Ambos tomamos caminos distintos, pero Guillermo nunca abandonó su apasionada vocación teatral, y junto con su esposa desarrolló un admirable trabajo de formación actoral, principalmente en el Instituto Mexicano del Seguro Social y en el Sindicato Nacional de Trabajadores de la Educación, instituciones que les permitieron, entre otras cosas, la consolidación de La Gaviota, su grupo teatral.

Esa pasión lo llevó a recibir la distinción del Premio Estatal de Cultura, hace algunos años, y a la creación, en el patio de su propia casa, en la calle de Régules, de un teatro que, con el nombre de su agrupación, se mantiene con una envidiable y asombrosa programación para todos los públicos. El amor por el teatro, de él y de Lupita, su compañera de vida, fue heredado a su hijo Jorge, que ha tomado la batuta de ese legado impresionante.

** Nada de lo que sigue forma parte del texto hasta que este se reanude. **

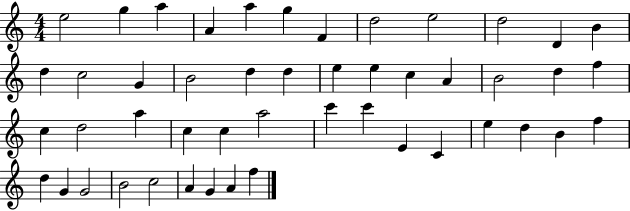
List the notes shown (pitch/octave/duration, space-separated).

Recordé pues aquella conversación con Guillermo en la hermosa plaza de Almagro al saberlo enfermo, y la volví a recordar, quizá con mayor emoción, al enterarme de que su hijo había asistido a las representaciones teatrales programadas el fin de semana de su fallecimiento. Jorge salió del hospital, donde acompañaba a su padre, para subirse al escenario, y salió también de la funeraria para acudir profesionalmente a la cita con el mejor de sus legados.

Creo que, si pudiésemos repetir aquella charla en Almagro, Guillermo le dedicaría un capítulo especial a ese comportamiento de su hijo. Creo que, quizá con lágrimas en los ojos, me confesaría que, junto con el amor de Lupita, esa sería la mayor, la más amplia, de sus satisfacciones.